**What is being asked:**
The answer must be an exact copy of the lines from the one containing "Кот и лента" through the last line of the records, with no pictures.

----------

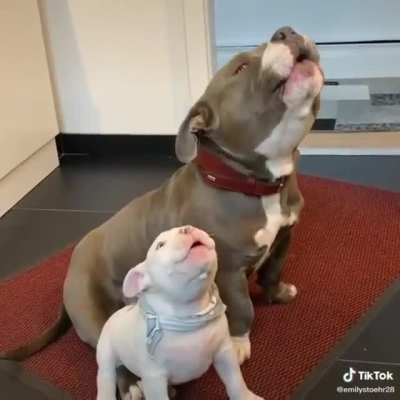 Puppy: "am I doing it right?"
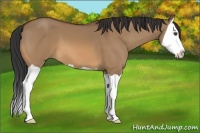 Horse Color:Bay Dun Splash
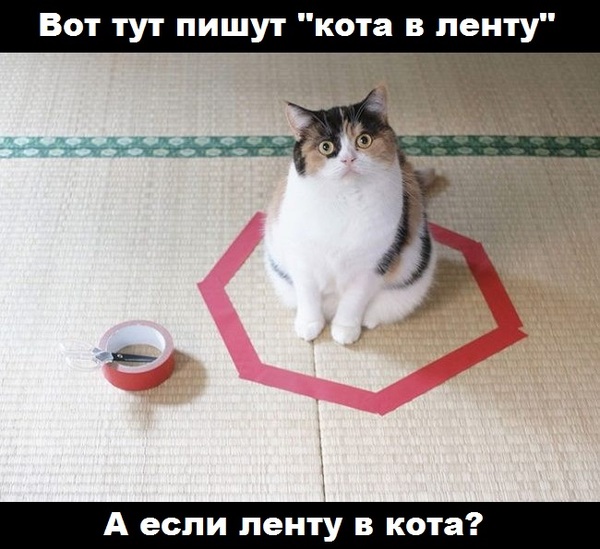 Кот и лента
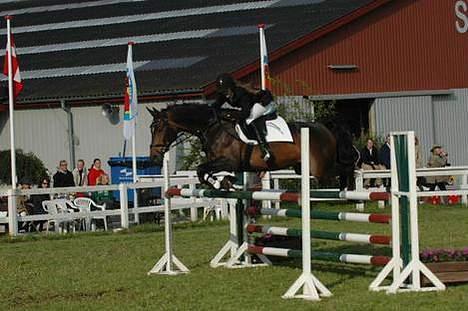 Dansk Varmblod Østergårds Chausette (Udlånt) billede 5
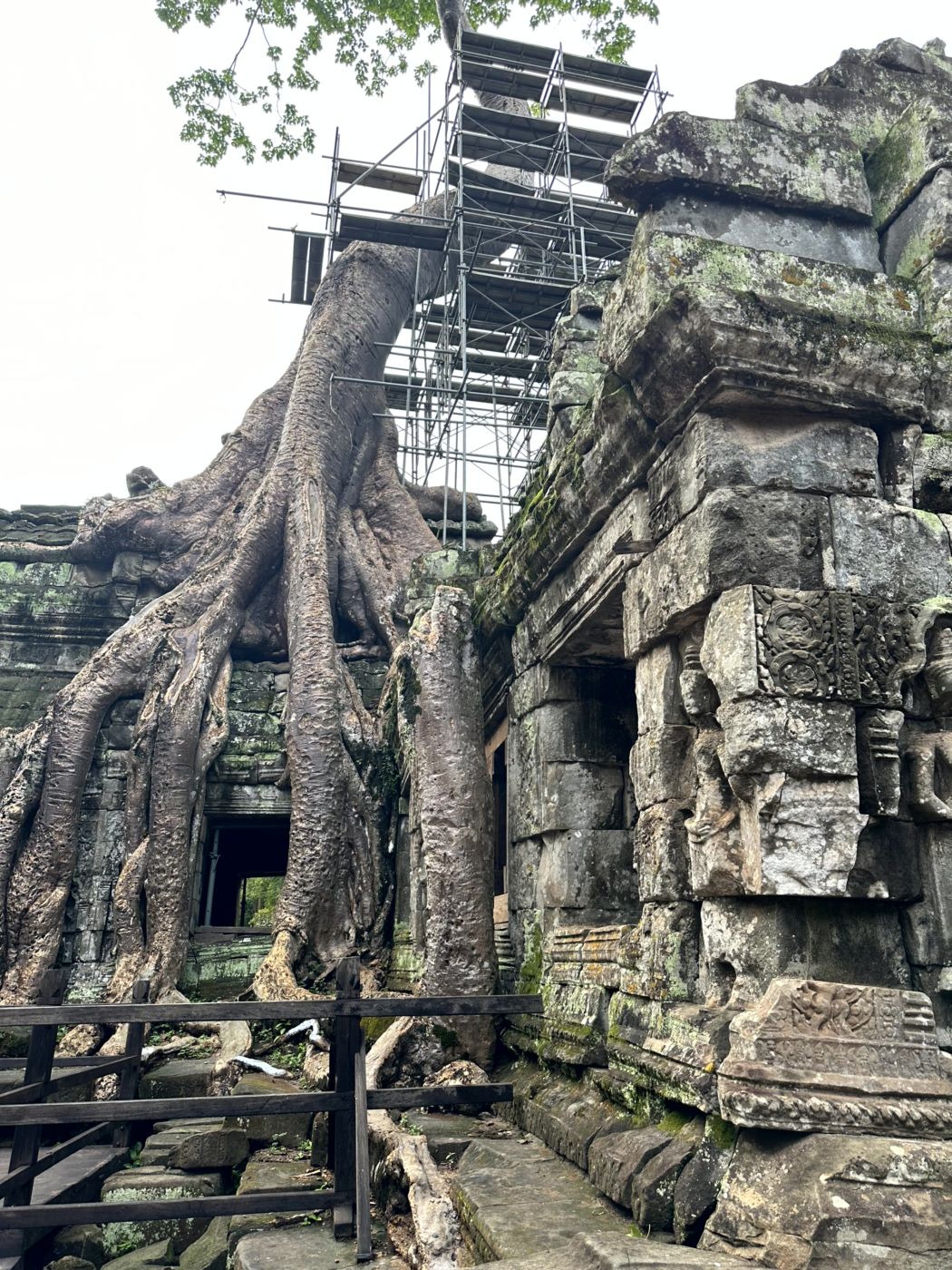Angkor-Tag 2 – Ta Prohm und die berühmten Baumwurzeln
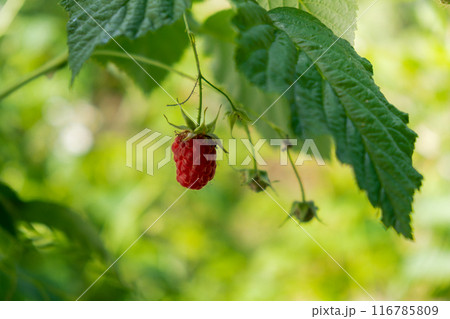 Close up of branch ripe red raspberries in garden on blurred green background. Locally grown organic fresh berries. Home gardening 116785809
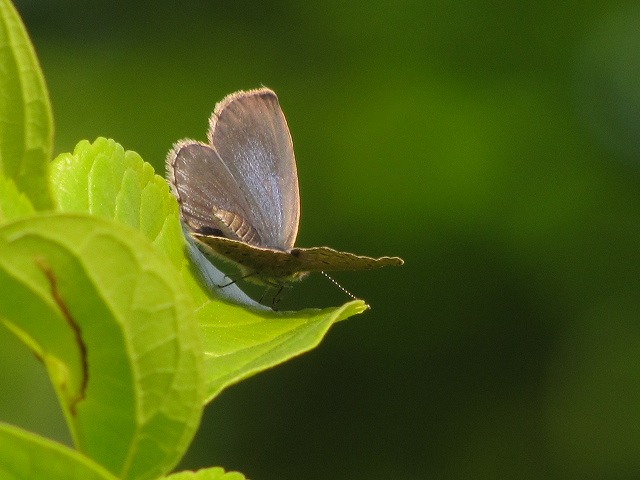 d0037110_2043442.jpg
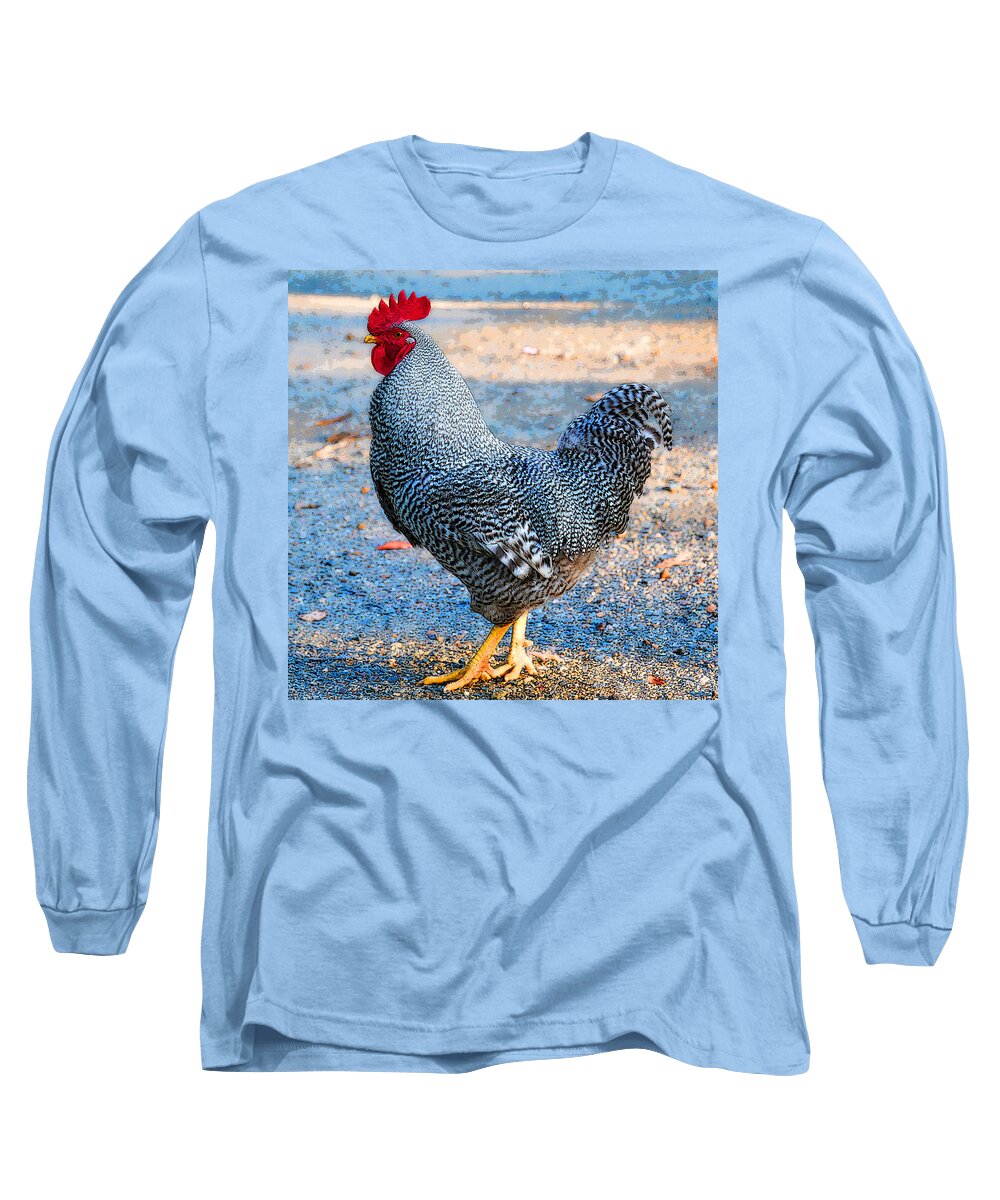 Rooster Long Sleeve T-Shirt featuring the photograph Struttin' Rooster by Liz Mackney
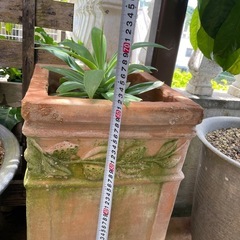 観葉植物🌿アガベの画像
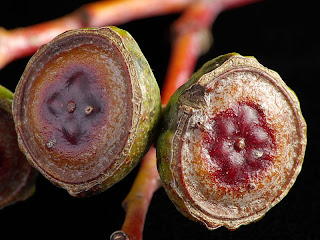 Capsules of Eucalyptus coccifera, October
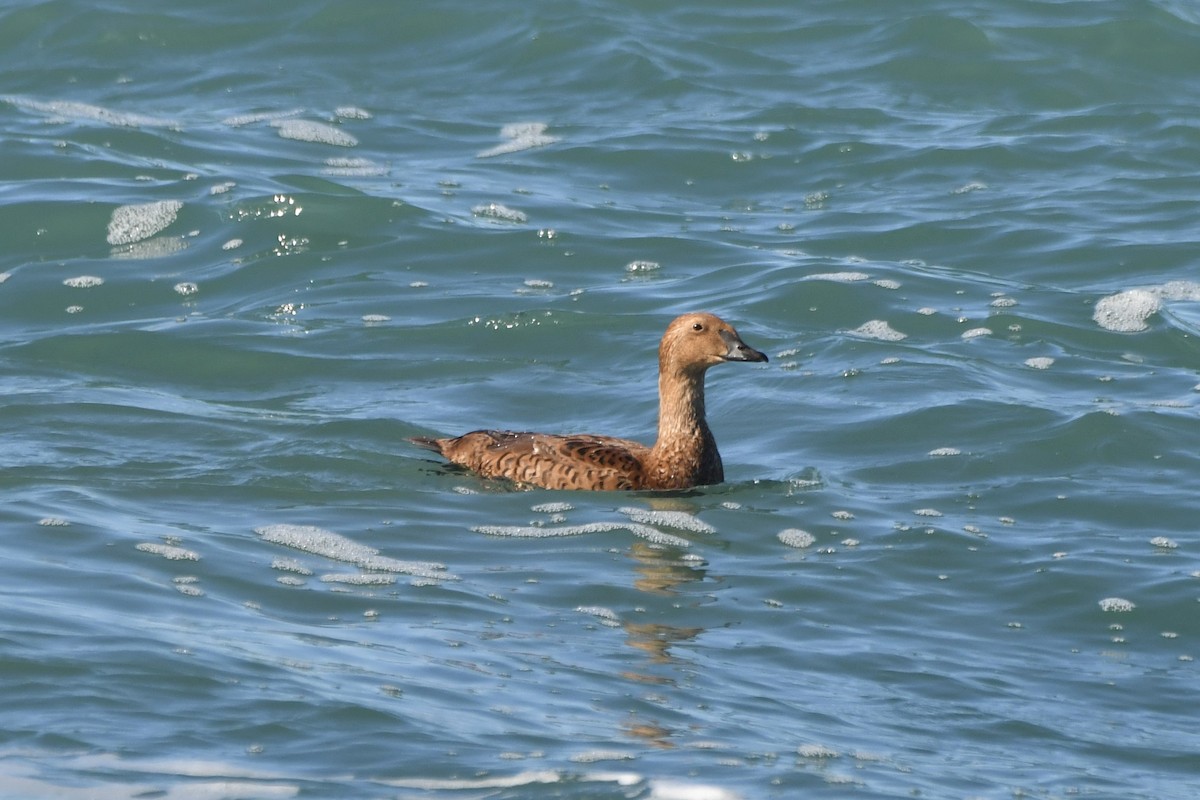 Гага-гребенушка - ML646320637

----------

**Worked solution:**
 Кот и лента
 Dansk Varmblod Østergårds Chausette (Udlånt) billede 5
Angkor-Tag 2 – Ta Prohm und die berühmten Baumwurzeln
 Close up of branch ripe red raspberries in garden on blurred green background. Locally grown organic fresh berries. Home gardening 116785809
 d0037110_2043442.jpg
 Rooster Long Sleeve T-Shirt featuring the photograph Struttin' Rooster by Liz Mackney
 観葉植物🌿アガベの画像
 Capsules of Eucalyptus coccifera, October
 Гага-гребенушка - ML646320637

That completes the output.